On a hot July afternoon, Martin Riese sits in a suit at one of the patio tables at Ray’s and Stark with eight bottles of water and 16 glasses in front of him. He laughs as museum goers pause in front of his table to smirk or make a comment about the odd man with all that water.
There are bottles from France, Norway, Fiji, Germany and the United States, all neatly lined up, from flat to sparkling, ready to be poured for a water tasting.
In case it’s not clear, Riese is crazy about H20. He’s taking the clear liquid most of us take for granted as a simple necessity and attempting to turn it into a serious business.
Reise is the water sommelier -- yes, there is such a thing -- for the Patina Group of Retaurants. He’s launching a water menu Monday at Ray’s and Stark, the restaurant at the Los Angeles County Museum of Art, where he is also the general manager. Some of the bottles will be priced as high as $20.
If you’re rolling your eyes right now at the thought of water sommeliers, water menus, and pricey bottles of water, know this: Glasses of curated cold water are one of the hottest things showing up on menus.
The concept of water menus has been attempted in Europe, with perhaps the most famous being from Le Water Bar Colette in Paris. It has even been tried in L.A. The Bazaar at the SLS offered a water menu a couple years back, but the concept never really took off.
Riese is hoping his menu with 20 waters from around 10 different countries will create a new experience for diners, one that goes beyond “flat or sparkling.”
But on this hot day, one of the glasses in front of Riese is half full with tap water he retrieved from the men’s bathroom.
“Smell this tap water. It smells like chlorine,” said Riese with a look of disgust. “As a restaurant person here in L.A., I can say I would never drink that water. When you have good food, good wine and good spirits, you don’t want to contaminate that with this water.”
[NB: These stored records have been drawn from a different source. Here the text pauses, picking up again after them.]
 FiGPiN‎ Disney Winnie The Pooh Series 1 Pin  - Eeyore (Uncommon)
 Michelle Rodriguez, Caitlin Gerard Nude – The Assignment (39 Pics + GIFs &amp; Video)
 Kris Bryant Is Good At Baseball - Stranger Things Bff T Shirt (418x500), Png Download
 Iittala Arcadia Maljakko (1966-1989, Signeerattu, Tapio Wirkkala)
Riese was certified as a water sommelier after taking a weeklong course in Germany at Doemen’s, one of a few schools in the world that offers certification for water specialists, but he insists he was largely self-trained by tasting.
He’s worked at Michelin star restaurants all over the world and in 2005, he introduced a 40-label water menu at a German restaurant. He also wrote a book in 2009 about water and his knowledge on the subject earned him a special O-1 visa to live and work in the United States from Germany, awarded to individuals with extraordinary abilities and typically given to scientists and inventors.
“All waters have unique tastes, and a lot of Americans think water is just water, but I completely don’t believe in that,” said Riese. “Water has so many interesting nuances.”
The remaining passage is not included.